WHAT IS EXPECTED: Beginning with the line that contains "Туфли-лоферы женские Prada", copy each subsequent line of the data below through the last one, including both ends but not the pictures.
GIVEN INFORMATION Start Marker
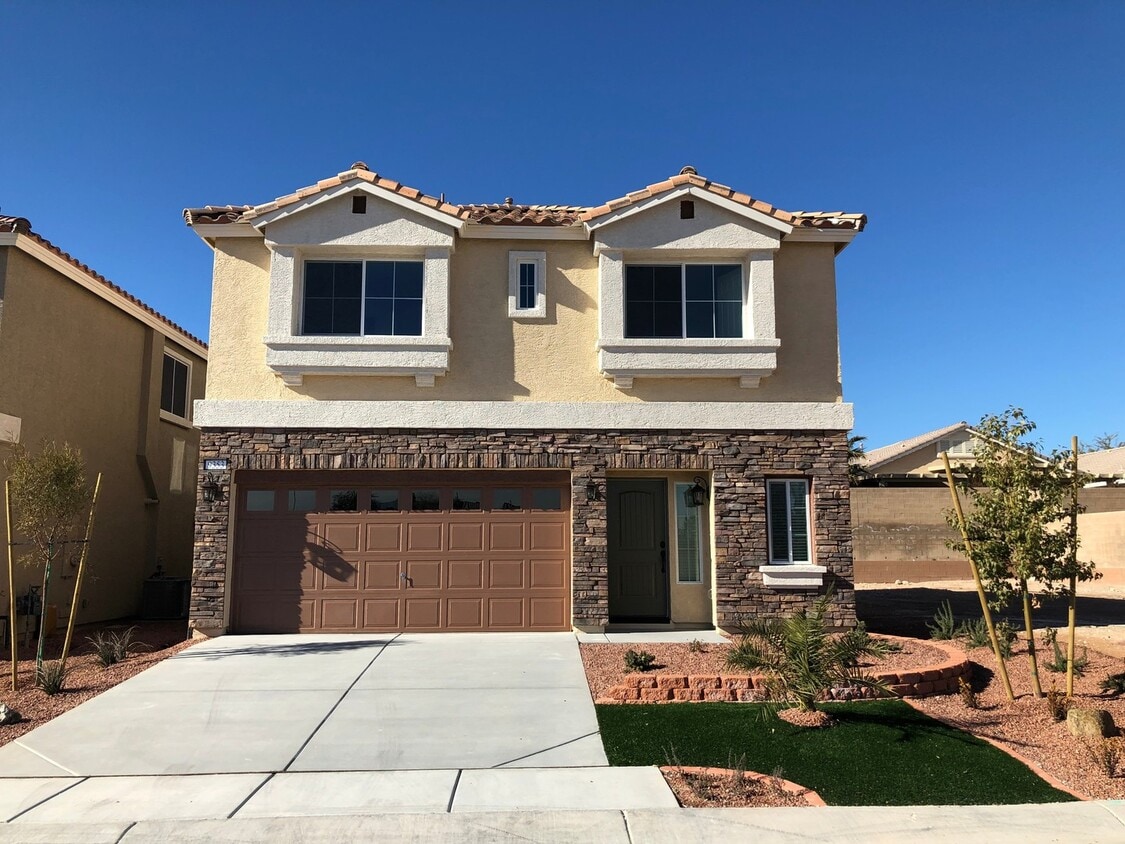 Primary Photo - Brand New Home For Lease! Southern Highlan...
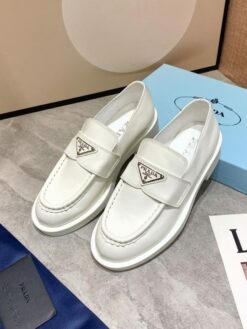 Туфли-лоферы женские Prada Premium A110369 белые - фото 10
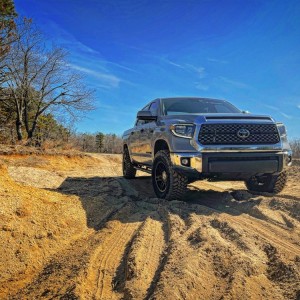 Michael 2020 Tundra Crewmax Cement 18x9 +25 FX Pro 295-70R18 Firestone 1000 (2)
GIVEN INFORMATION End Marker
SOLUTION TO THIS EXERCISE:
 Туфли-лоферы женские Prada Premium A110369 белые - фото 10
 Michael 2020 Tundra Crewmax Cement 18x9 +25 FX Pro 295-70R18 Firestone 1000 (2)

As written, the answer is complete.